** EXERCISE GOAL **
Would you transcribe the whole listing exactly and drop its images?

++++

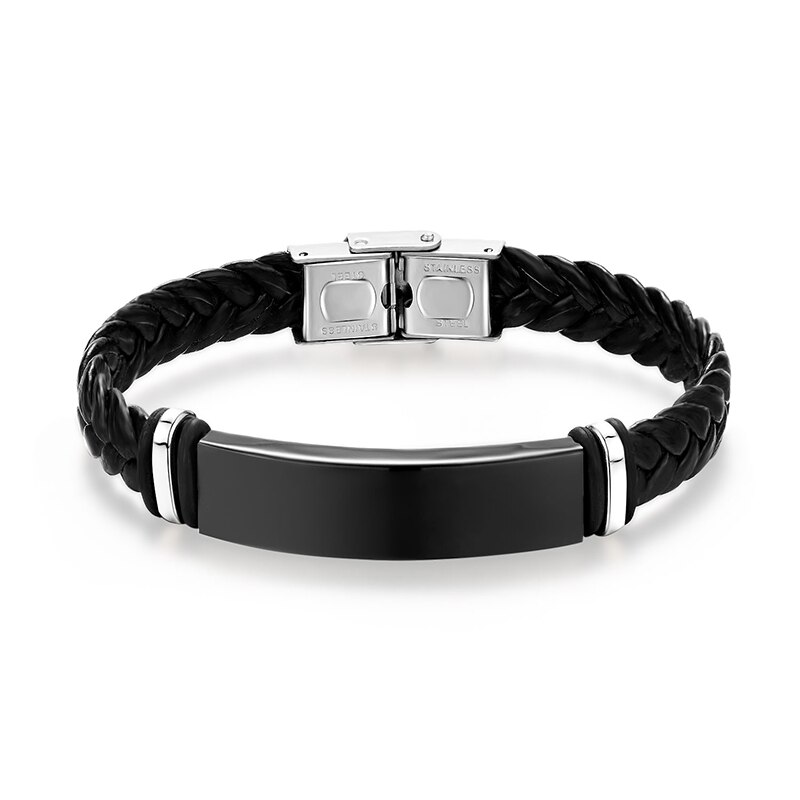 Mode Handgemaakte Geweven Lederen Armband Bangle Charm Rvs Accessoires Sieraden Vrouwen Mannen Magneet Sluiting Armband: black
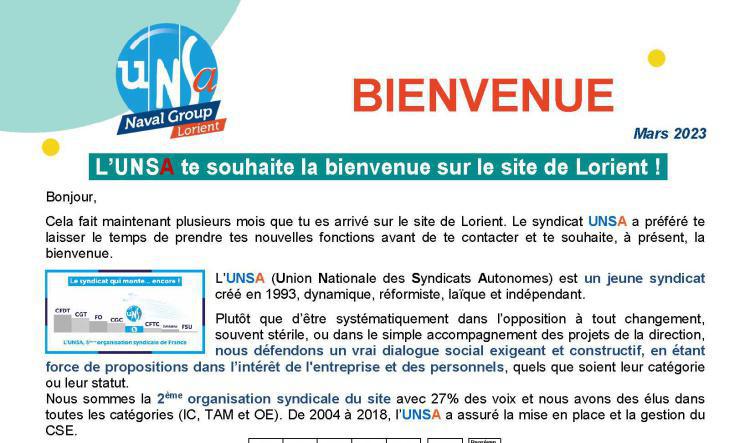 L’UNSA te souhaite la bienvenue sur le site de Lorient !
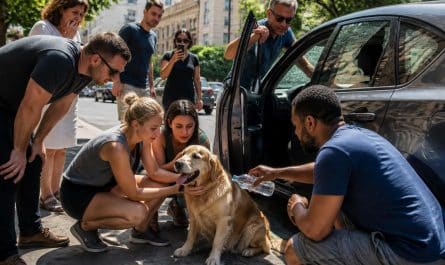 un golden retriever sauvagement enfermé dans une voiture étouffante est secouru grâce à l'intervention courageuse de passants héroïques.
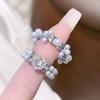 Pink Zircon Niche Design Sweet Pearl Bow Open Ring Women'S High-End Fashion Jewelry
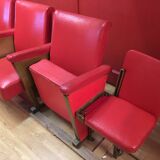 Chairs cinema years 50-60 imitation leather 3 Chair and a folding seat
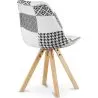 Dining Chair - Upholstered in Black and White Patchwork - Denisse image 7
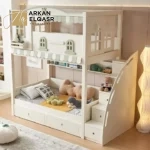 سرير أطفال دورين بتصميم مريح – خشب هندسي قوي – سلم جانبي آمن – ألوان محايدة – ضمان سنتين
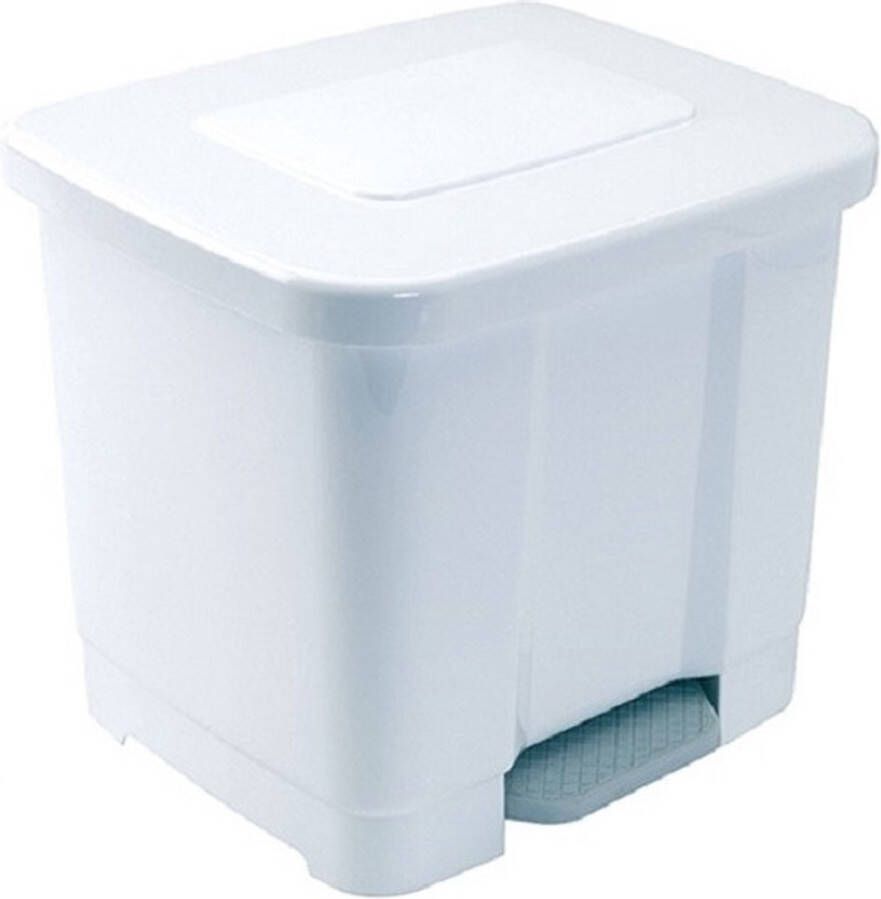 Forte Plastics Dubbele 2-vaks afvalemmer vuilnisemmer wit 35 liter met deksel en pedaal Pedaalemmers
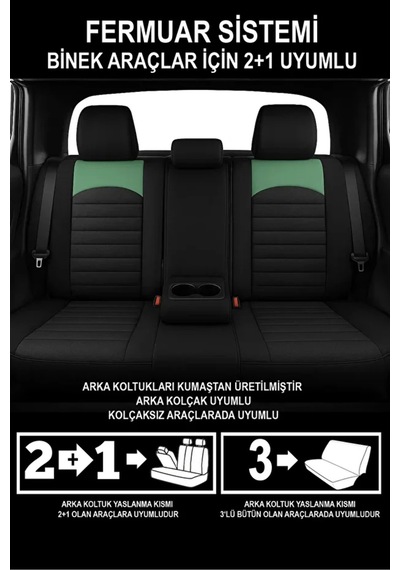 Ford Mondeo Selective 2.0 Tdci 163 Powershift Sw 2012 Uyumlu Thor... Serisi Tay Tüyü Yeşil Oto Kılıfı Tam Set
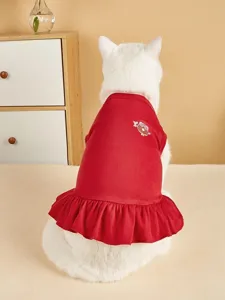 Cute red pet cat dog dress with ruffles and cartoon print for autumn and winter wear.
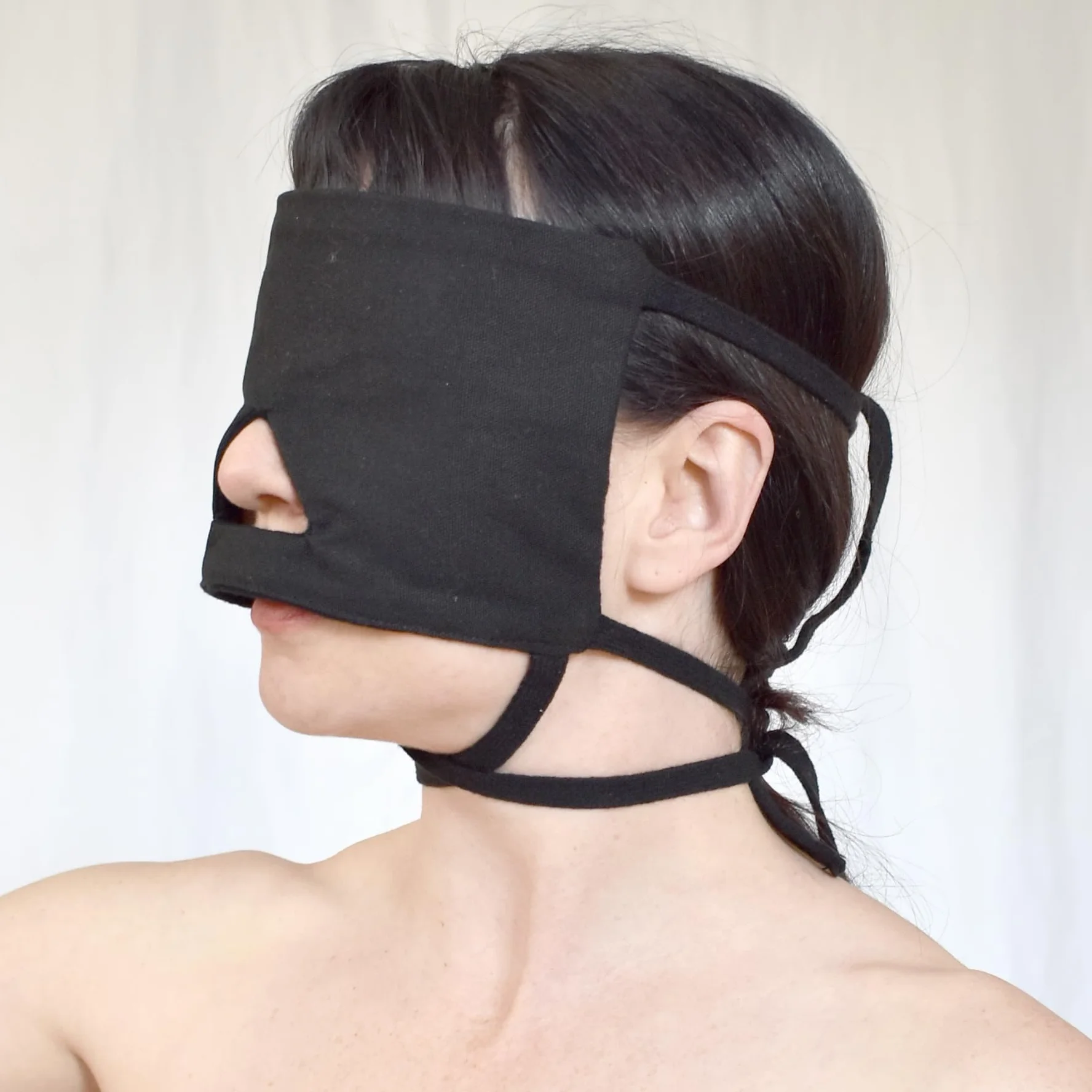 Benda BDSM in cotone – maschera opaca per gli occhi, 3 cinghie regolabili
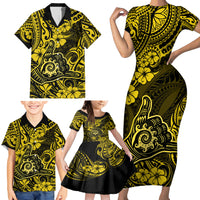 Hawaii Shaka Sign Family Matching Short Sleeve Bodycon Dress and Hawaiian Shirt Polynesian Pattern Yellow Version - Wonder Print Shop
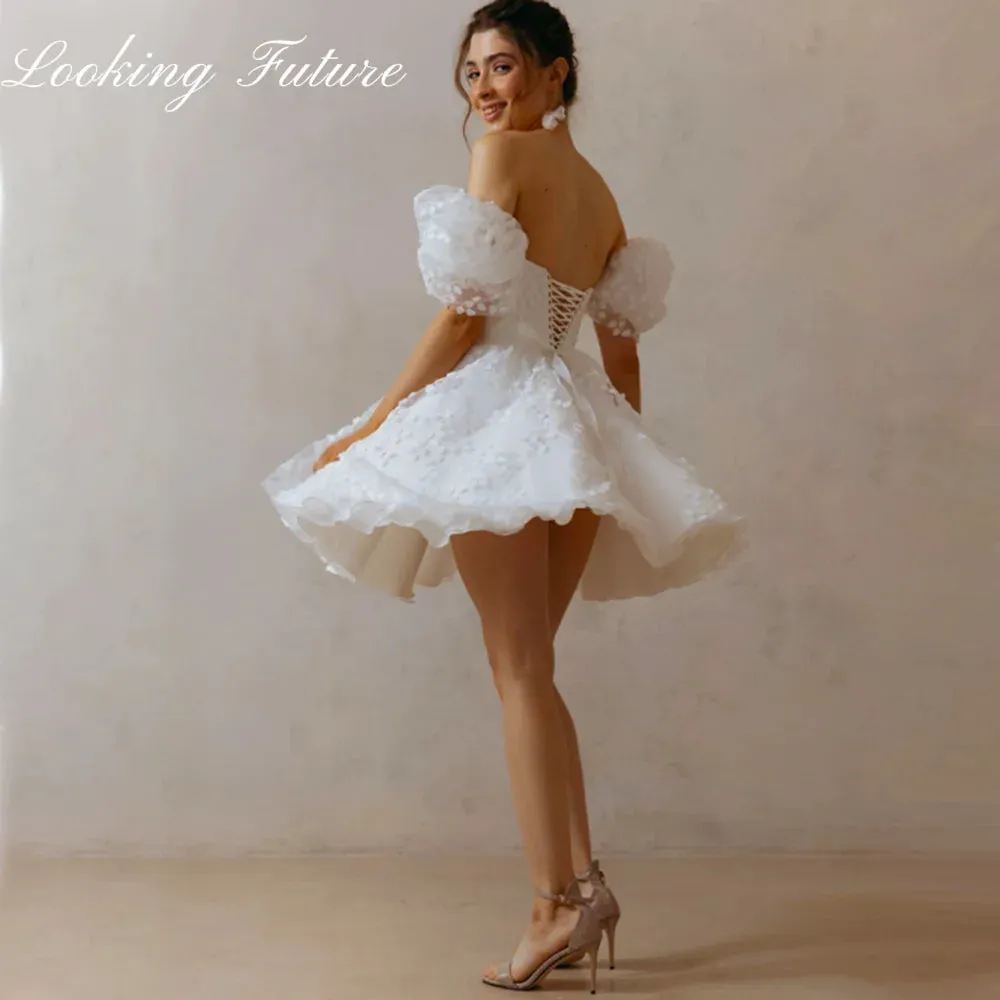Wedding Dresses Lace Up Puffy Puff Sleeves Square Neck Bridal Party Gowns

++++

** RESPONSE **
 Mode Handgemaakte Geweven Lederen Armband Bangle Charm Rvs Accessoires Sieraden Vrouwen Mannen Magneet Sluiting Armband: black
 L’UNSA te souhaite la bienvenue sur le site de Lorient !
 un golden retriever sauvagement enfermé dans une voiture étouffante est secouru grâce à l'intervention courageuse de passants héroïques.
 Pink Zircon Niche Design Sweet Pearl Bow Open Ring Women'S High-End Fashion Jewelry
 Chairs cinema years 50-60 imitation leather 3 Chair and a folding seat
 Dining Chair - Upholstered in Black and White Patchwork - Denisse image 7
 سرير أطفال دورين بتصميم مريح – خشب هندسي قوي – سلم جانبي آمن – ألوان محايدة – ضمان سنتين
 Forte Plastics Dubbele 2-vaks afvalemmer vuilnisemmer wit 35 liter met deksel en pedaal Pedaalemmers
 Ford Mondeo Selective 2.0 Tdci 163 Powershift Sw 2012 Uyumlu Thor... Serisi Tay Tüyü Yeşil Oto Kılıfı Tam Set
 Cute red pet cat dog dress with ruffles and cartoon print for autumn and winter wear.
 Benda BDSM in cotone – maschera opaca per gli occhi, 3 cinghie regolabili
 Hawaii Shaka Sign Family Matching Short Sleeve Bodycon Dress and Hawaiian Shirt Polynesian Pattern Yellow Version - Wonder Print Shop
Wedding Dresses Lace Up Puffy Puff Sleeves Square Neck Bridal Party Gowns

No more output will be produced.